10. Sections 25(3) and 25(4) of the Drugs and Cosmetics Act
1940 give the accused a right to test the drugs again. The Drugs
inspector was well aware, the shelf life of the sample drug was to
expire in September 2016, and he filed the complaint in the same
month. After filing the complaint, the applicants appeared in Court
as per the process in March 2017. There is no explanation for why
the complaint was filed in the same month, the shelf life of the
drug was to expire. There is absolutely no reason why the
complaint was not filed earlier, and the fourth sample was sent for
testing well within time. These facts suggest that the right of the
applicants to seek the test of the fourth sample has been taken
away. In view of the facts of the case, the case laws relied upon by
the applicants are squarely applicable.
11. Every person involved in the drug business has a right to
challenge the Government Analyst report seeking the remedy
7 RA-292-19.odt
available under the Law by sending the fourth sample through the
Court for testing. However, here is the case that the sample was
not tested within sixty days of its receipt' therefore, the possibility
of an incorrect result like "not of standard quality" cannot be ruled
out.
12. Appreciating the facts of the case as discussed above and
examining the reasons recorded by the learned Additional Sessions
Judge-3, Parbhani, this Court is of the view that the learned
Additional Sessions Judge-3, Parbhani did not consider the relevant
provisions of Law and came to the erroneous conclusion. In the
facts and the circumstances, even if the documents before the
Court are considered as it is, the prosecution would not be able to
prove the crime against the accused. The offences under the
Drugs and Cosmetics Act are technical. Hence, time has a
significant importance. The process was supposed to be done in a
prescribed or scheduled time. The rules and provisions of the Act
have not been followed strictly. Therefore, the statutory rights of
the accused given under the said Act have been prima facie
affected.
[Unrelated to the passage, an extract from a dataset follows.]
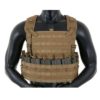 CHEST RIG FUSILERO TAN (ACM)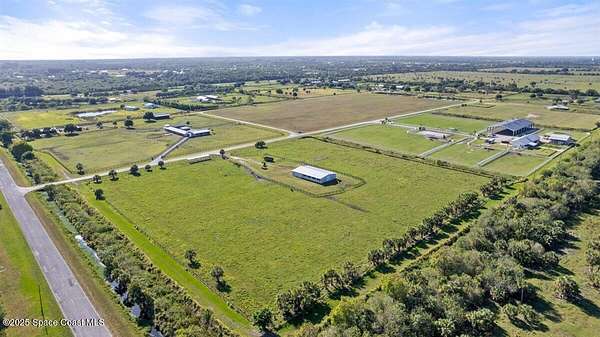 9.83 Acres of Agricultural Land for Sale in Vero Beach, Florida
In view of that matter, the Court is of the view that the
applicants deserve the discharge. For these reasons, the Court
believes that the impugned order warrants interference. Hence,
the following order:-
ORDER
i) The criminal revision application is allowed.
8 RA-292-19.odt
ii) The order below Exhibit-27 and 28 in Special (Drug) Case
No.2 of 2018 of the learned Additional Sessions Judge-3,
Parbhani, dated 29 August 2019, is quashed and set
aside.
iii) Applications below Exhibits-27 and 28 are allowed, and
the accused stand discharged in the present crime.
iv) The bail bonds and surety bonds are cancelled.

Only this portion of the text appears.